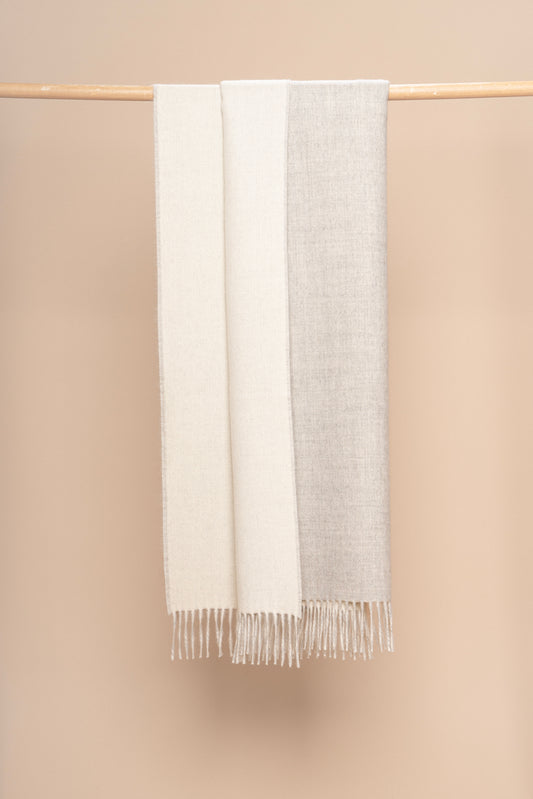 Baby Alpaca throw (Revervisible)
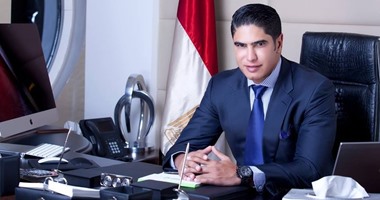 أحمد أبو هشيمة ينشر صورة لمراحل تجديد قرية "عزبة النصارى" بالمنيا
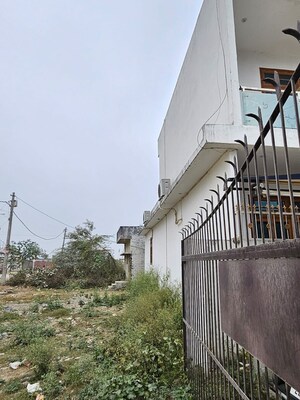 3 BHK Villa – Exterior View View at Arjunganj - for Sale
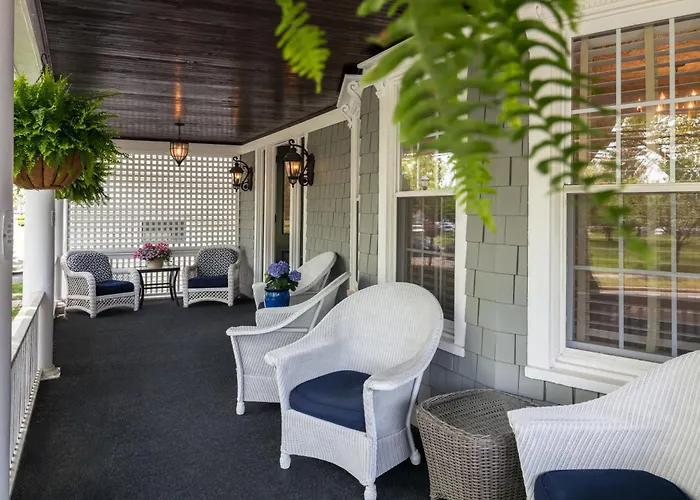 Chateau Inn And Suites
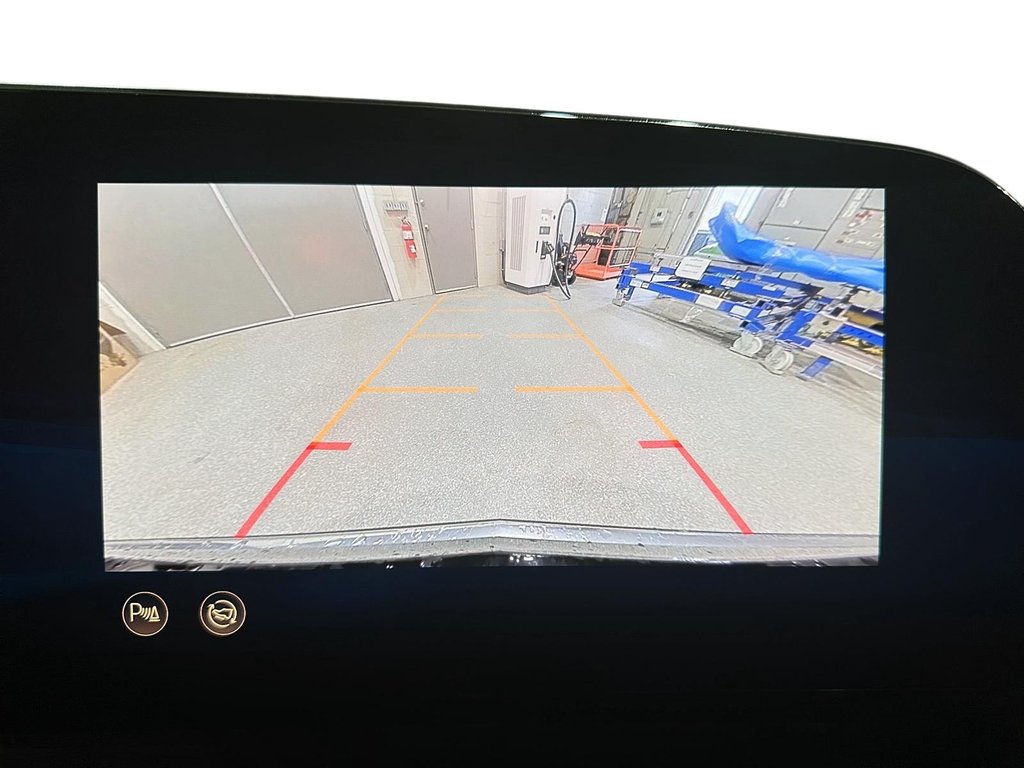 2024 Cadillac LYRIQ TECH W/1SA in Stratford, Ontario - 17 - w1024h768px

════════

■ TASK ITEM ■
Omit the pictures. Transcribe word for word the lines from the one containing "3 BHK Villa" through the end of the listing, inclusive.

■ TASK ANSWER ■
 3 BHK Villa – Exterior View View at Arjunganj - for Sale
 Chateau Inn And Suites
 2024 Cadillac LYRIQ TECH W/1SA in Stratford, Ontario - 17 - w1024h768px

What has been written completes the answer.